Шрифт:
Комар. Как бы вам выбраться из кровавого болота сухеньким и чистеньким.
Вартман. Гм…
Комар. Но это вам не удастся. Слишком много крови налипло на ваш мундир. Смотрите, она везде!
Вартман. Где? Где?..
Комар. Эх вы!
Вартман. Фу, черт!
Комар. В пот бросило?
Вартман. Молчать!
Комар. И не думаю.
Вартман. Грубиянка ты, вот что я скажу. Чему только учат вас в этой вашей России!

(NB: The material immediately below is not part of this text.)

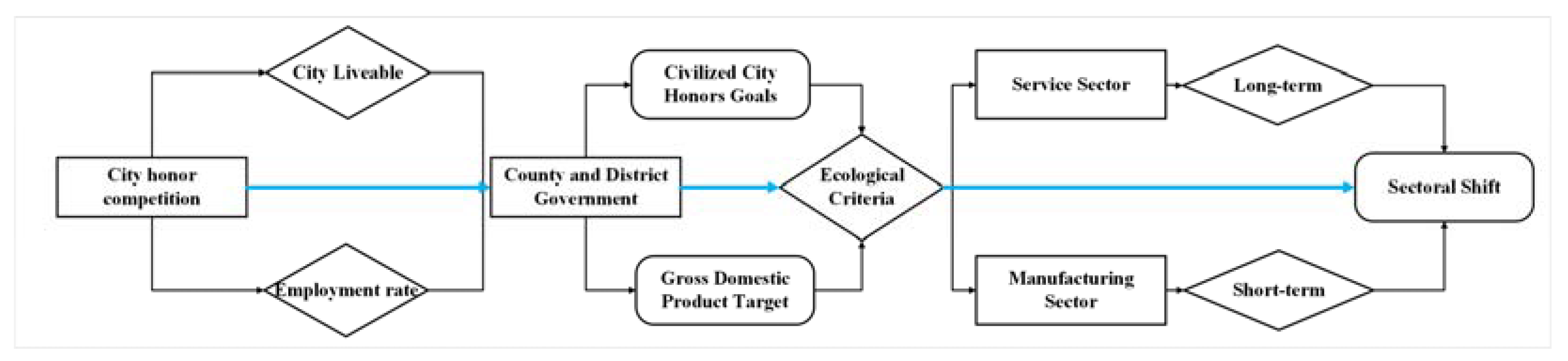 Sustainability 15 08930 g001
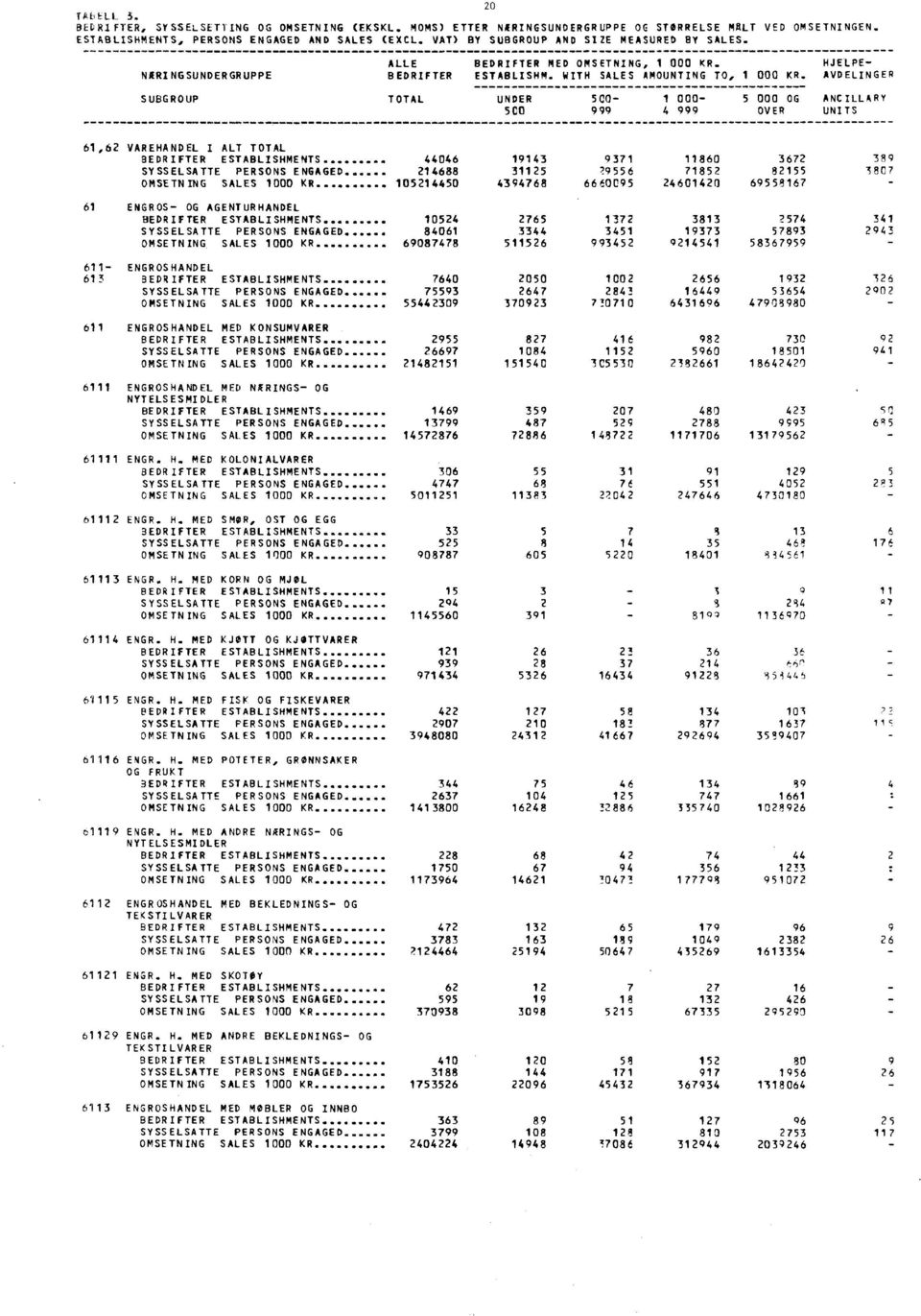 AVDELINGER SUBGROUP TOTAL UNDER C0 000 000 OG ANCILLARY C0 999 999 OVER UNITS 6,6 VAREHANDEL I ALT TOTAL BEDRIFTER ESTABLISHMENTS 06 9 97 860 67 89 SYSSELSATTE PERSONS ENGAGED 688 96 78 8 807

Комар. Тому, чтобы быть честными. Хотя бы перед самими собой. Чего нельзя сказать о вас, хотя вы тоже учились в России. Но вас здорово переучили. Теперь вы умеете издеваться над беззащитными людьми, жечь села и города, грабить, пытать, травить людей газом.
Вартман. Я не травил ваших газом и тебя ни разу не ударил за твои дерзости.
Комар. А ведь я и сдачи могла бы дать.
Вартман. Слушай, ну, положим, вы окажетесь победителями, чему я, конечно, не верю. До Берлина далеко, и драться мы будем зверски. А что будет между вами и союзниками, кто знает? Слишком разные у вас идеи и цели… Ладно, я не о том. Что ты будешь делать, победитель? Тебя, конечно, сделают героем, а? Наверняка, а? Если сманишь меня на службу к советским чекистам. Ха-ха! Чтобы я пошел на службу к чекистам! Черта с два!
Комар. Пойдете! А я, когда наступит мир, буду восстанавливать то, что вы, — и вы, да, да, и вы, Вартман, — разрушили, сожгли, взорвали.
Вартман. Какая блистательная перспектива!
Комар. Уж во всяком случае куда светлее вашей. Прятаться, как волку, таскать какую-то другую личину, подличать, изворачиваться, лгать мне не придется. А в конце концов вам все равно висеть на перекладине меж двух столбов.
Вартман. Вот уж, признаться, не думал, что ты такая… В тебе столько нахальства.
Комар. Нет, Вартман, вы хотели сказать совсем другое. Вы хотели сказать: я никогда не думал, что советский человек может так просто и легко идти на смерть за свое дело. Эту вашу мысль я отношу ко всем, кто сражается с вами и очень скоро свернет шею Гитлеру. И вам. Я не обещаю вам ни помилования, ни защиты. Власти у меня нет. Думаю, что с вами, попадись вы в наши руки, поступят очень строго. Но могут и принять во внимание то, что вы согласились помочь нам поскорее окончить войну.
Вартман. Это очень тоненькая и непрочная соломинка.
Комар. Но все-таки соломинка.
Вартман. Боже мой, боже мой!
Комар. При чем тут бог? Ну так что, Вартман?
Вартман (после долгого молчания).Дайте мне подумать.
— Так впервые он сказал мне «вы», — пояснила Елизавета Яковлевна.
— Это вполне понятно, — сказал я. — Победа над Вартманом была не просто ваша победа, это победа советского человека, нашей идеологии. А что же было дальше?
— Шесть дней я вдалбливала в голову Вартмана одно и то же. Теперь уже не я заводила разговор о его неприглядном будущем.
— Именно?
— Он запирался со мной в своем кабинете якобы для того, чтобы уговаривать меня стать осведомителем контрразведки, а сам начинал выспрашивать, что с ним будет, если он согласится работать на нас. Телефоны он выключал: боялся, как бы нас не подслушали.
Иногда мы садились в машину. Вартман говорил шефу, что везет меня в какую-то часть… Мы останавливались в лесу, уходили подальше. И там все это продолжалось часами — до головной боли, признаться.
Наконец он согласился. Это было 24 сентября. К тому времени я все приготовила к побегу.
— А на хутор Врубля Вартман возил вас до того, как вы занялись им?
— Нет, это было несколько раз.
— Вы рассказывали артистам, что он повез вас туда якобы затем, чтобы вы нашли антенну рации.
— Да. Это поставило меня в тупик. Зачем им понадобилась антенна? А если и понадобилась, он мог послать со мной солдата.
— А не затем ли он ездил с вами к Врублю, чтобы, оставшись наедине, поделиться своими сомнениями касательно дел на фронте и предложить вам свои услуги?